Милый, дорогой Илларион Николаевич Певцов… Я любила и люблю вас. И приходят на ум чеховские слова: «Какое наслаждение – уважать людей».
Было в Певцове что-то пленительно-детское. Нисколько не актерски, а совсем по-детски взяв меня за руку и отведя в сторону от актеров, сидевших на скамейке в парке Малаховки, И. Н. стал мне говорить о том, как его хвалил врач-психиатр за верное решение образа… У актера меньшего масштаба это выглядело бы иначе. У великого трагического артиста Певцова похвала врача была самой дорогой для него оценкой его работы. Через шесть десятилетий я вспоминаю его и испытываю волнение, близкое тому, которое испытала, когда видела его в этой роли. А ведь он уже был знаменит в те годы, а я ничего собой не представляла, была статисткой, влюбленной в его творчество.

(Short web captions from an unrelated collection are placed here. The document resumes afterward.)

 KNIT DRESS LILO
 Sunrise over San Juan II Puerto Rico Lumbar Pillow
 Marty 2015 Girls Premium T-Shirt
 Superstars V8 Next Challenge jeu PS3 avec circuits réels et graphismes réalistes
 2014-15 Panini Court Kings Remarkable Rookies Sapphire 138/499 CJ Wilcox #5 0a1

…Мне посчастливилось видеть его и в пьесе Леонида Андреева «Тот, кто получает пощечины». И в этой роли я буду видеть его до конца моих дней.
Помню, когда я узнала, что должна буду участвовать в этом спектакле, я, очень волнуясь и робея, подошла к нему и попросила дать мне совет, что делать на сцене, если у меня в роли нет ни одного слова. «А ты крепко люби меня, и все, что со мной происходит, должно тебя волновать, тревожить».

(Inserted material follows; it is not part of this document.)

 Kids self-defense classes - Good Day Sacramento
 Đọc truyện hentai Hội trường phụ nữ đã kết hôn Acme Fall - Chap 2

И я любила его так крепко, как он попросил.
И когда спектакль был кончен, я громко плакала, мучаясь его судьбой, и никакие утешения моих подружек не могли меня успокоить. Тогда побежали к Певцову за советом. Добрый Певцов пришел в гримерную и спросил меня:
– Что с тобой?
– Я так любила, я так любила вас весь вечер, – выдохнула я рыдая…
– Милые барышни, вспомните меня потом – она будет настоящей актрисой…
Первый сезон в Крыму, я играю в пьесе Сумбатова Прелестницу, соблазняющую юного красавца. Действие происходит в горах Кавказа. Я стою на горе и говорю противно-нежным голосом: «Шаги мои легче пуха, я умею скользить, как змея…» После этих слов мне удалось свалить декорацию, изображавшую гору, и больно ушибить партнера. В публике смех, партнер, стеная, угрожает оторвать мне голову. Придя домой, я дала себе слово уйти со сцены.
…Белую лисицу, ставшую грязной, я самостоятельно выкрасила в чернилах. Высушив, решила украсить ею туалет, набросив лису на шею. Платье на мне было розовое с претензией на элегантность. Когда я начала кокетливо беседовать с партнером в комедии «Глухонемой» (партнером моим был актер Ечменев), он, увидев черную шею, чуть не потерял сознание. Лисица на мне непрестанно линяла. Публика веселилась при виде моей черной шеи, а с премьершей театра, сидевшей в ложе, бывшим моим педагогом, случилось нечто вроде истерики… (это была П. Л. Вульф). И это был второй повод для меня уйти со сцены.
Керчь. Один сезон. Старик ходил во всякую погоду в калошах, перевязав их веревкой, я спросила, почему он в калошах в такую жару. Старик объяснил, что как вегетарианец он не носит кожи. Через несколько дней я увидела его в тех же калошах, пожирающим ливерную колбасу. Это был нищий, умевший читать и потому ушедший на сцену. Играл он амплуа «благородных отцов».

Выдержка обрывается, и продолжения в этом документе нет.